• **RECORD EXTRACTS**
..............................

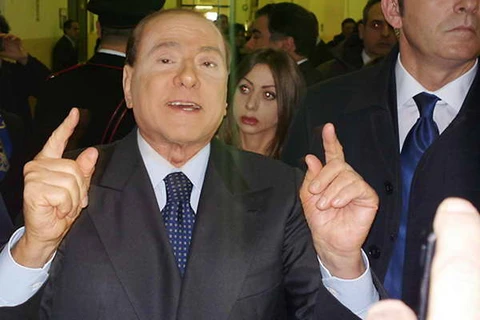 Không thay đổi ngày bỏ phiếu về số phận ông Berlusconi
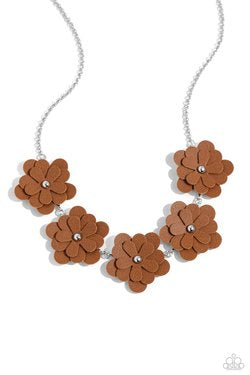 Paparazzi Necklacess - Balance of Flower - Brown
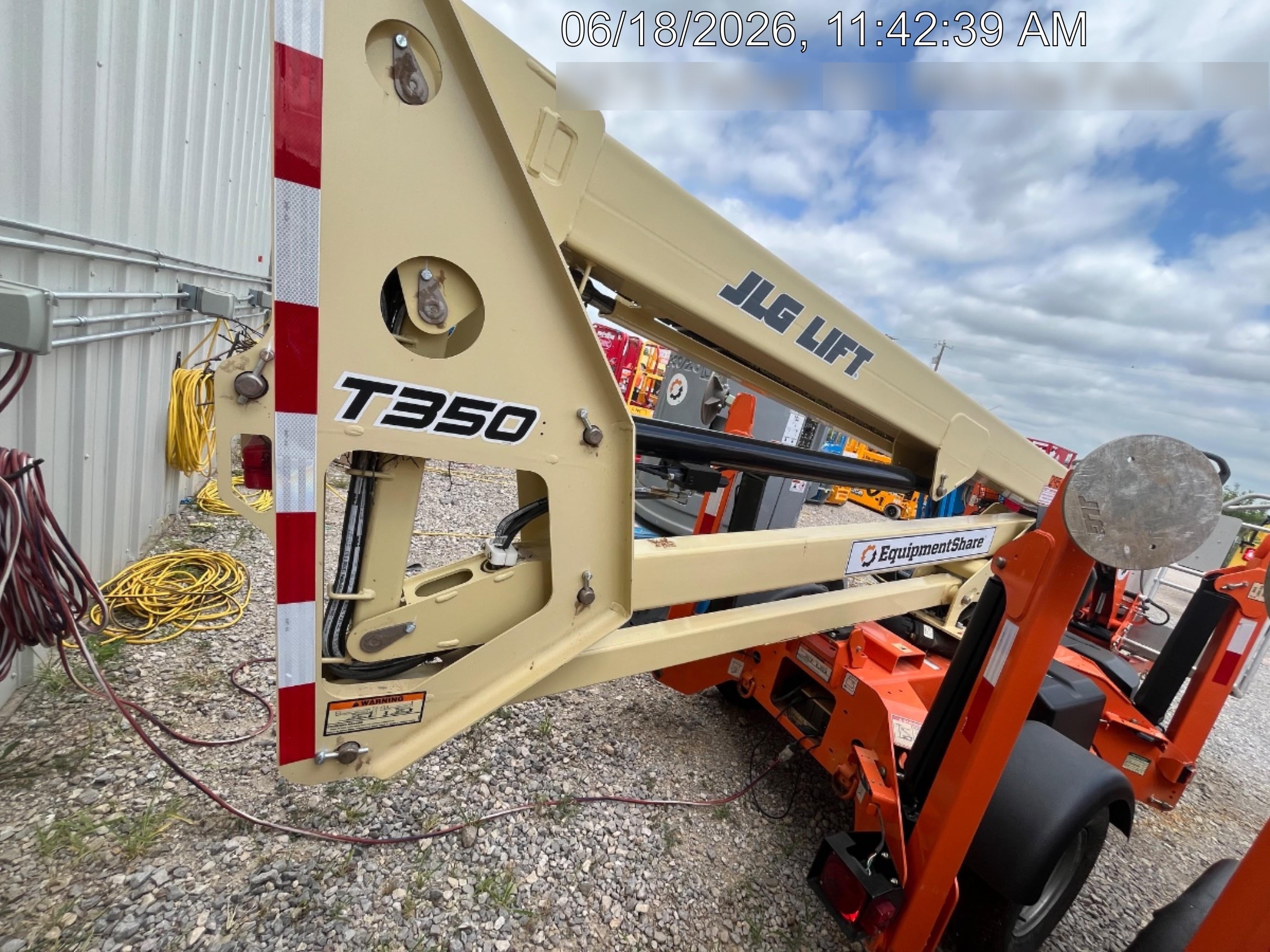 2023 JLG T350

..............................

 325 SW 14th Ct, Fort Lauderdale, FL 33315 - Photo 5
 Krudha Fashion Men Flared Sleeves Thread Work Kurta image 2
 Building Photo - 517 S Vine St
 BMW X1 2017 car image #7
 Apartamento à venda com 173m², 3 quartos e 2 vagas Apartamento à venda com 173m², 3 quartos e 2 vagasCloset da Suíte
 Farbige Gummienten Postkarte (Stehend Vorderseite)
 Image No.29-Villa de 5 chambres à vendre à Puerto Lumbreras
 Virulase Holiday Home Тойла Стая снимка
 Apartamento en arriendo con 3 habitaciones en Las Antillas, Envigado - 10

..............................

• **EXERCISE OBJECTIVE**
Set down word for word the lines above from the one with "Không thay đổi" up to and including the one with "2023 JLG T350". Omit every picture.

• **REPLY TO THE TASK**
 Không thay đổi ngày bỏ phiếu về số phận ông Berlusconi
 Paparazzi Necklacess - Balance of Flower - Brown
 2023 JLG T350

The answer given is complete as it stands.